Class CollectSinkFunction<IN>

  • Type Parameters:
    IN - type of results to be written into the sink.
    All Implemented Interfaces:
    Serializable, Function, RichFunction, CheckpointListener, CheckpointedFunction, SinkFunction<IN>

    @Internal
    public class CollectSinkFunction<IN>
    extends RichSinkFunction<IN>
    implements CheckpointedFunction, CheckpointListener
    A sink function that collects query results and sends them back to the client.

    This sink works by limiting the number of results buffered in it (can be configured) so that when the buffer is full, it back-pressures the job until the client consumes some results.

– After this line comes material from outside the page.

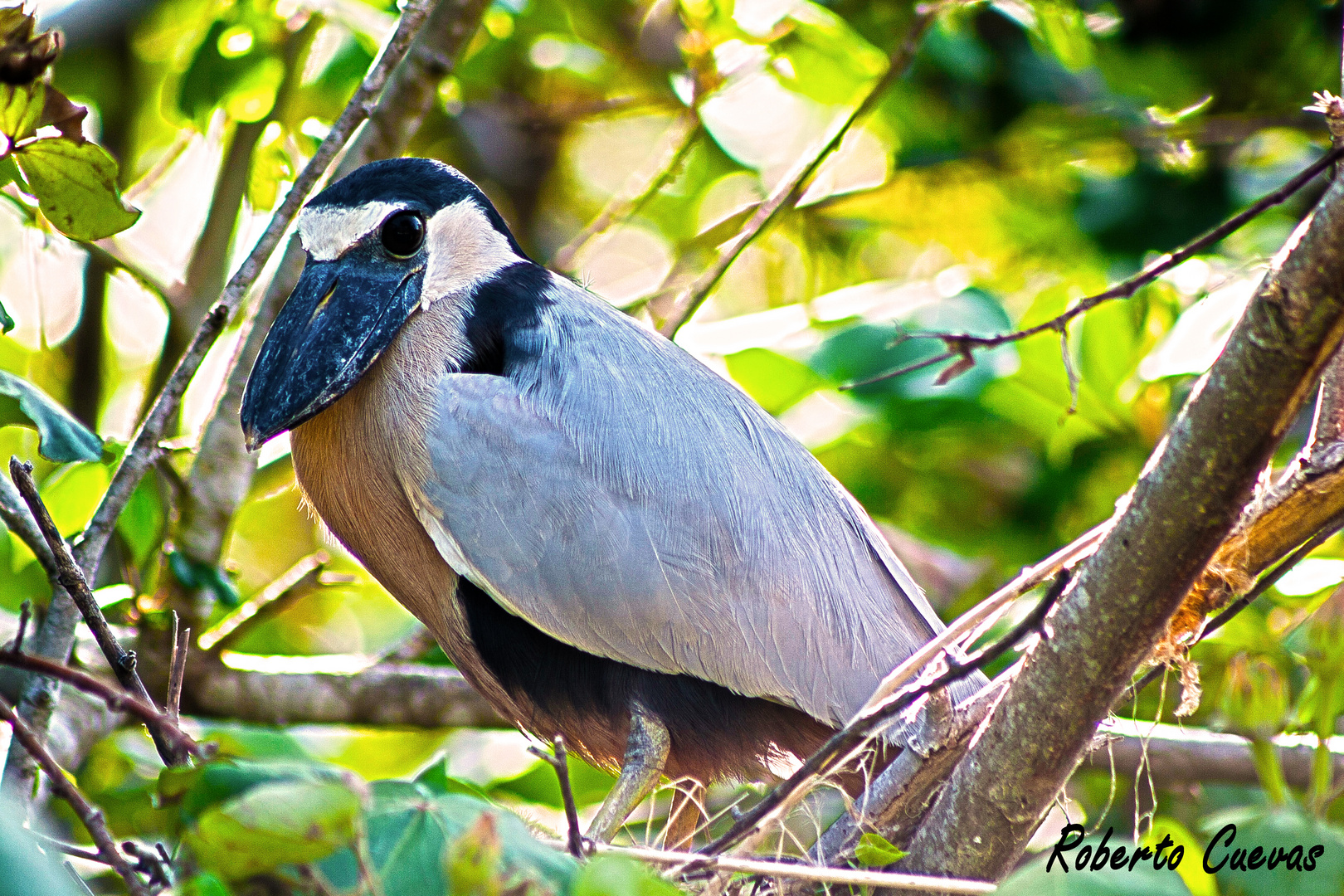 Garza Cucharon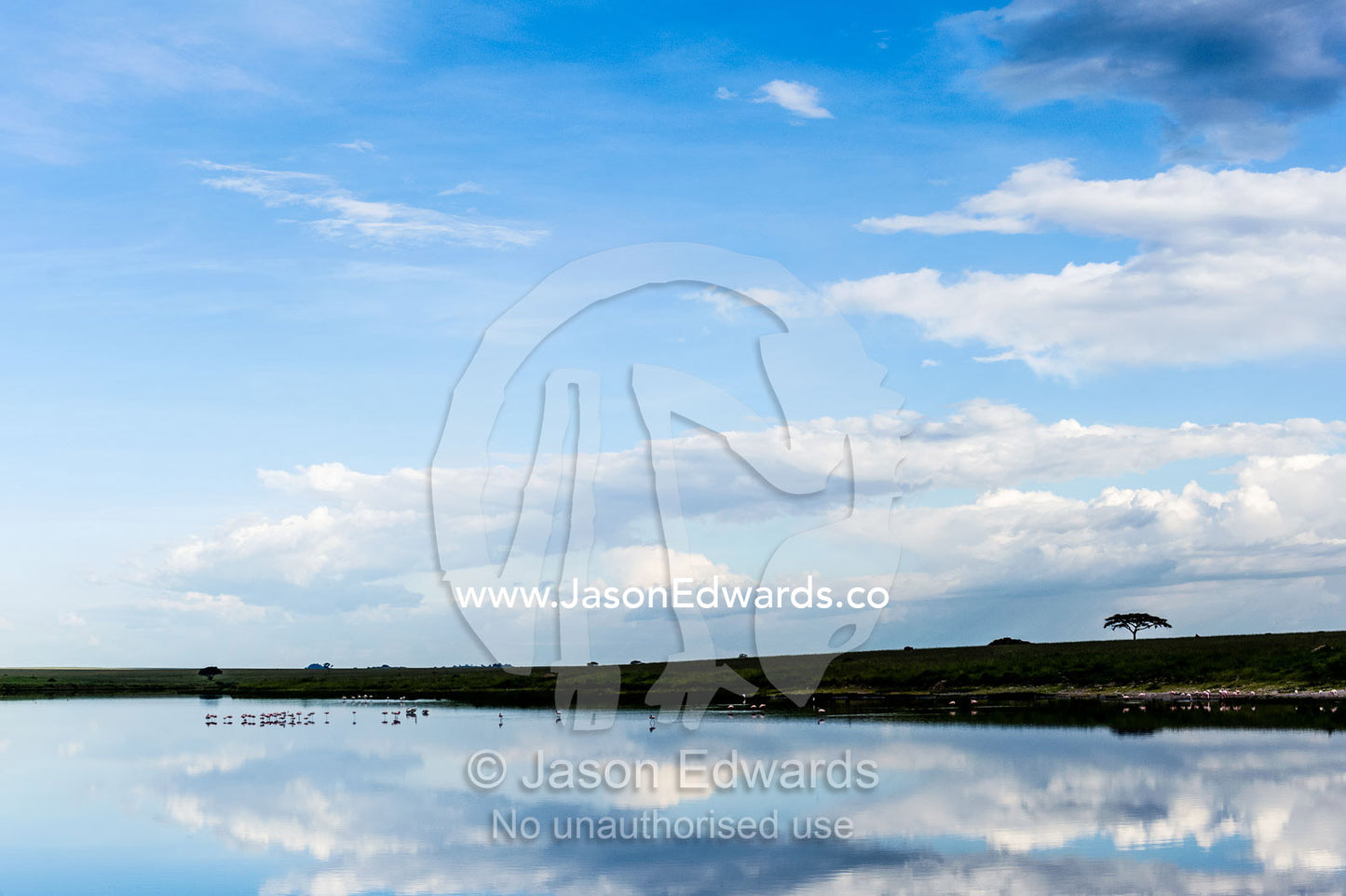 A flock of Lesser Flamingo in the distance reflected in the surface of a calm savannah waterhole with the sunset afterglow. Serengeti National Park, Serengeti, Tanzania.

    NOTE: When using this sink, make sure that its parallelism is 1, and make sure that it is used in a StreamTask.

    Communication Protocol Explanation

    We maintain the following variables in this communication protocol

    1. version: This variable will be set to a random value when the sink opens. Client discovers that the sink has restarted if this variable is different.
    2. offset: This indicates that client has successfully received the results before this offset. Sink can safely throw these results away.
    3. lastCheckpointedOffset: This is the value of offset when the checkpoint happens. This value will be restored from the checkpoint and set back to offset when the sink restarts. Clients who need exactly-once semantics need to rely on this value for the position to revert when a failover happens.

    Client will put version and offset into the request, indicating that it thinks what the current version is and it has received this much results.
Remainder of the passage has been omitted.